Maleike: Unabhängig mal natürlich von dem kulturellen Verlust, den man dann auch noch hat. Herr Wadjinny, Sie kommen selber aus Marokko, und Sie haben sich Deutschland auch ausgesucht, weil es hier keine Studiengebühren gab. Richtig?
Deutsche Hochschulen haben viele Vorteile
Wadjinny: Richtig! Richtig! Damals habe ich in Fes an der Universität studiert, in Norden Marokkos, und dann kamen so Kampagnen, vom DAAD unterstützt, die einem zeigen, warum man in Deutschland studieren sollte. Und ich war dann begeistert, sagte okay, Deutschland ist ein guter Ort, wo man studieren (kann). Dazu für jemanden wie mich, der von einer Familie, die nicht Studiengebühren bezahlen kann, finanzieren kann, möglich war, dass ich überhaupt überlegt habe, ob ich im Ausland studieren kann. Und Marokko, wenn die Leute reich sind, Mittel haben, dann gehen sie in Länder, die frankophonisch sind damit sie nicht eine neue Sprache lernen (müssen). Oder die Leute … die Wissenschaftssprache Englisch ist ja verbreitet, auch in Marokko mittlerweile. Aber eine neue Sprache, zum Beispiel Deutsch, zu lernen, braucht entweder eine riesige Motivation, also kultureller oder persönlicher Natur, oder diese Lockmittel, die man zeigt dadurch … deutsche Hochschulen haben viele Vorteile, also die Qualität ist gut, und dazu bezahlt man keine Studiengebühren. Das war einer der wichtigsten Punkte, warum ich entschieden habe, in Deutschland zu studieren. Und die anderen müssen von Deutschland in diesem Punkt lernen und wir nicht von denen. Also es gibt sicher keine Diskriminierung und die Studierenden werden behandelt als Studierende, unabhängig davon, wo sie herkommen, hinsichtlich der Studiengebühren, und das ist ein gutes Signal, motiviert viele Leute, vor allem die mit sozialer Schwäche. Und die Tatsache, dass die deutsche Sprache nicht so verbreitet ist in der Welt. Und das vergisst man, diese Tatsache.

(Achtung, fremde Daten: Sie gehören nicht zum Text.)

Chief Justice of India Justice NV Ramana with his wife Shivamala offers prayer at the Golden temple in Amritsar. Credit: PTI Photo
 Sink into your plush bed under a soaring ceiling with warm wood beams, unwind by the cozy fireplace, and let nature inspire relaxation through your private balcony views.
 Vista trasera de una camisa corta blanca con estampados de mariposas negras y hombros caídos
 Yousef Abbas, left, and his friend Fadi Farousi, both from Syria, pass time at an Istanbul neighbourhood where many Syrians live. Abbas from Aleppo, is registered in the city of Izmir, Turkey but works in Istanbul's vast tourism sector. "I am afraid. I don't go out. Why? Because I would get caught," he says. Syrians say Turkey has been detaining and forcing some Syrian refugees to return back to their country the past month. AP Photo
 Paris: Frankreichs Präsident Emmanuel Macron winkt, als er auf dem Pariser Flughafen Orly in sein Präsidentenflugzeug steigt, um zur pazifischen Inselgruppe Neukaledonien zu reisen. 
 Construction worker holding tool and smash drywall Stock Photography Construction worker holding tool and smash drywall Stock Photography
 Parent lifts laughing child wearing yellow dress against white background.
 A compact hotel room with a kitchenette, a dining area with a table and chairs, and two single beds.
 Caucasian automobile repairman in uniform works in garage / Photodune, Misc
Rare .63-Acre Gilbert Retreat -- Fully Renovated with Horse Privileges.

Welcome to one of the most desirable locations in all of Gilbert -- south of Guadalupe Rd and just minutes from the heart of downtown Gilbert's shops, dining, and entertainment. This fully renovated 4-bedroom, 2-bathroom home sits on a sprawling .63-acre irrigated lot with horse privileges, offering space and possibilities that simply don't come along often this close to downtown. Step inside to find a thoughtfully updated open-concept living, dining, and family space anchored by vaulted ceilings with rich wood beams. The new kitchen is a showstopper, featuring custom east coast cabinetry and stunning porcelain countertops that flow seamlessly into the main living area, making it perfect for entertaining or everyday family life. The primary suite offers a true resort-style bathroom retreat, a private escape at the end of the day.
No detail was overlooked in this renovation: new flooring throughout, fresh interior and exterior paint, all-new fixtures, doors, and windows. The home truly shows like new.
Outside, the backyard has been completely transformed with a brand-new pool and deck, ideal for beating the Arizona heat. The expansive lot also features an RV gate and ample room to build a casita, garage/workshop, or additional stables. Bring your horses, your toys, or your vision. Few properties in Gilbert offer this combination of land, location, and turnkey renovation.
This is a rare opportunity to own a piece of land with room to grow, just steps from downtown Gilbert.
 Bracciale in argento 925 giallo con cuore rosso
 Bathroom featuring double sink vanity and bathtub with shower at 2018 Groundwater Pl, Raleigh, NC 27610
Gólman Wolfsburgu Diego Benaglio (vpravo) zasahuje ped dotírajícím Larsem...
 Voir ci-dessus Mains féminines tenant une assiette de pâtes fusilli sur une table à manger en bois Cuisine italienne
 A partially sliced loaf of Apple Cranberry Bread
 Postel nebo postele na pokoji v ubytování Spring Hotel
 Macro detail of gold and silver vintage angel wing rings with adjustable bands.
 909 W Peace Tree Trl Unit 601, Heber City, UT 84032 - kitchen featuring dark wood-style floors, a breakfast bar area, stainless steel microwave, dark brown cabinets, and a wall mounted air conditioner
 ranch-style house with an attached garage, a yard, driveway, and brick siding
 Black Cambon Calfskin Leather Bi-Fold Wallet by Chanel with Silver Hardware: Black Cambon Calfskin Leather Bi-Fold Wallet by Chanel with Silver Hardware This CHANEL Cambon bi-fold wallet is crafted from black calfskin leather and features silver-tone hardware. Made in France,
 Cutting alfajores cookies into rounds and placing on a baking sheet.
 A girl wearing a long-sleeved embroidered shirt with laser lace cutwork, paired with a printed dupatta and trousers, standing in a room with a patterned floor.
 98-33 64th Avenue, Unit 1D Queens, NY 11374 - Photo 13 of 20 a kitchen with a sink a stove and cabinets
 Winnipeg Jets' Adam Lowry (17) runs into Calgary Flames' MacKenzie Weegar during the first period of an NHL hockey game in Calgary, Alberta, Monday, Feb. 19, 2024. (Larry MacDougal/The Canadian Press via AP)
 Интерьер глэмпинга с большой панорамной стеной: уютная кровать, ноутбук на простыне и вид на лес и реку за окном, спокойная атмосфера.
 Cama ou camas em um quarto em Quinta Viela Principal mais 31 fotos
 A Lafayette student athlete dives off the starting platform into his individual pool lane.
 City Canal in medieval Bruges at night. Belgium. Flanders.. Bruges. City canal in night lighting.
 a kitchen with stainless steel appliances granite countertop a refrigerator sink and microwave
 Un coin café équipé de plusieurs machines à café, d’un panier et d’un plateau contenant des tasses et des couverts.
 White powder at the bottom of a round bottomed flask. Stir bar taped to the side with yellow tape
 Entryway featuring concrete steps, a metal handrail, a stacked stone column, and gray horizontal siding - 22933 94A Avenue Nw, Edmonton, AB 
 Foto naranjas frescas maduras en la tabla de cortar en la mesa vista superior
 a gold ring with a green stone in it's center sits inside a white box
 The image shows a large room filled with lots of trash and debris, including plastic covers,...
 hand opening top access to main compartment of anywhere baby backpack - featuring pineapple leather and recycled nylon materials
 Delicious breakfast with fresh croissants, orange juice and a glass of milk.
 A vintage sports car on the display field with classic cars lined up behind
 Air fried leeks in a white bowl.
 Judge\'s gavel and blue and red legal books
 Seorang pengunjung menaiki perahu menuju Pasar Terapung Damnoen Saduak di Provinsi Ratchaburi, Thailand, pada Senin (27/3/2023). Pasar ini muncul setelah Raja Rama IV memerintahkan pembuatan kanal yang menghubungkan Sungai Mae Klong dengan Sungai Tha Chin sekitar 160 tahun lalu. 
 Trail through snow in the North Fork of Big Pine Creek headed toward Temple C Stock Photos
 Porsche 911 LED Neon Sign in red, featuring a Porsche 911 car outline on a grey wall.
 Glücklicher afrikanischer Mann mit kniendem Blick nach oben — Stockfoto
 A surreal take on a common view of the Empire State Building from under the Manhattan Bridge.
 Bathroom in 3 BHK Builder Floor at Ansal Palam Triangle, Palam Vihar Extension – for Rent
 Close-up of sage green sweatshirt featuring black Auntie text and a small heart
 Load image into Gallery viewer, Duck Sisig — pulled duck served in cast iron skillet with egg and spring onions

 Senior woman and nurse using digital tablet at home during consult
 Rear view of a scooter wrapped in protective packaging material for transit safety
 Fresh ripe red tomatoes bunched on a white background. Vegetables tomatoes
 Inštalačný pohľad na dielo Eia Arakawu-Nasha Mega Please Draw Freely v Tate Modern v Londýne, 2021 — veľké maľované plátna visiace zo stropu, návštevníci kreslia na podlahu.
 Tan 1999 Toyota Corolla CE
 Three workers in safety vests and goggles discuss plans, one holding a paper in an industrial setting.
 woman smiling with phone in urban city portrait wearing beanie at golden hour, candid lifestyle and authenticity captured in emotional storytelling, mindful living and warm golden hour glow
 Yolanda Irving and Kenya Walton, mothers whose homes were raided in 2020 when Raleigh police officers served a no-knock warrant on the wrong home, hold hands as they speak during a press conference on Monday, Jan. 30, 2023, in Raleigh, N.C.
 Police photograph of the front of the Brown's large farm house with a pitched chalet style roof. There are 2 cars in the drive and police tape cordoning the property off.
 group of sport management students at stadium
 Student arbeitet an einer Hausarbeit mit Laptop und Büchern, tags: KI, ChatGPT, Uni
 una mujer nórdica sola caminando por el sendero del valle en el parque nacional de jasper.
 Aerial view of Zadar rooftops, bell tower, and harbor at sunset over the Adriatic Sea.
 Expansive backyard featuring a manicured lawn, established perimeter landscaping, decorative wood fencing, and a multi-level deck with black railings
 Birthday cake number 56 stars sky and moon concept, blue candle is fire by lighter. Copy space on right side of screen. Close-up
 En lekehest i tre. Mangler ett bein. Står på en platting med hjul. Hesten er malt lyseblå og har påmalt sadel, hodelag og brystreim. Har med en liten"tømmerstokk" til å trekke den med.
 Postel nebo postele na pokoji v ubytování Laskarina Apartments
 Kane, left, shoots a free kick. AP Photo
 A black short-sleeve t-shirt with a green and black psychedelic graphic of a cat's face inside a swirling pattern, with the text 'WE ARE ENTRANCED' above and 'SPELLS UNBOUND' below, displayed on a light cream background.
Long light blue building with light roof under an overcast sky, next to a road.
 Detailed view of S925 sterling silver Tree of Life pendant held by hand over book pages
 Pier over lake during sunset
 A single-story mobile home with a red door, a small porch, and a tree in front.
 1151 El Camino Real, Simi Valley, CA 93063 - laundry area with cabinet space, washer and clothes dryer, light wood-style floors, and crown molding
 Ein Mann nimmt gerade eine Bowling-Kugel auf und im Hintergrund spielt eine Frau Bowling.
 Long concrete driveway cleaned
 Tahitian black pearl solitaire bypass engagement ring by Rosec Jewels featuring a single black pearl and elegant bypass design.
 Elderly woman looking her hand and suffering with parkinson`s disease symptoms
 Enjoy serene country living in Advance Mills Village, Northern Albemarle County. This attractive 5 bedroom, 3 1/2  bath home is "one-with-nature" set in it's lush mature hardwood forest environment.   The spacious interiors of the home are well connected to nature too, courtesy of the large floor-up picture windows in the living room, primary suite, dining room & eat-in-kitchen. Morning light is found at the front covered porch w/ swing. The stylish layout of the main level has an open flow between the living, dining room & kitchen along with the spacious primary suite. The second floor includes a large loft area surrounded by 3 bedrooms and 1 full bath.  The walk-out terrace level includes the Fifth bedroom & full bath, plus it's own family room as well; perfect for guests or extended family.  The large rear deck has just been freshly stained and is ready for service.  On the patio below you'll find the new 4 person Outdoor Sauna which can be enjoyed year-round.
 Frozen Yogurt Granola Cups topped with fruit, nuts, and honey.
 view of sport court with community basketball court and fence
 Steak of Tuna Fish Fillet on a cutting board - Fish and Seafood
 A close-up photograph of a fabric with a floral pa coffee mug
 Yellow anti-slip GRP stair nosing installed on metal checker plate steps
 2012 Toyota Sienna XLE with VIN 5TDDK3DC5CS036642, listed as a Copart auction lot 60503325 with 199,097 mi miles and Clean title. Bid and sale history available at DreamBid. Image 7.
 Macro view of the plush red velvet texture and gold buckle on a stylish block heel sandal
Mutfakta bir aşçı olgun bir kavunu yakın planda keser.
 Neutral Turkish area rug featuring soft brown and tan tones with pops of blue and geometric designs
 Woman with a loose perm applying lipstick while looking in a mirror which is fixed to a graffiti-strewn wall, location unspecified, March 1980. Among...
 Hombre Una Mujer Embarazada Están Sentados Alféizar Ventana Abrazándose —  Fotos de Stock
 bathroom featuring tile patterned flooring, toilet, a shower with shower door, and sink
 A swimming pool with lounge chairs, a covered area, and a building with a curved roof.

Maleike: Younouss Wadjinny, Sprecher des Bundesverbandes ausländischer Studierender, BAS, war das zu den Entscheidungen, die jetzt in Nordrhein-Westfalen gefällt worden sind, dort auch Studiengebühren einzuführen für ausländische Studierende. 1.500 Euro sollen es werden zum Semester. Herzlichen Dank, Herr Wadjinny!
Wadjinny: Vielen Dank!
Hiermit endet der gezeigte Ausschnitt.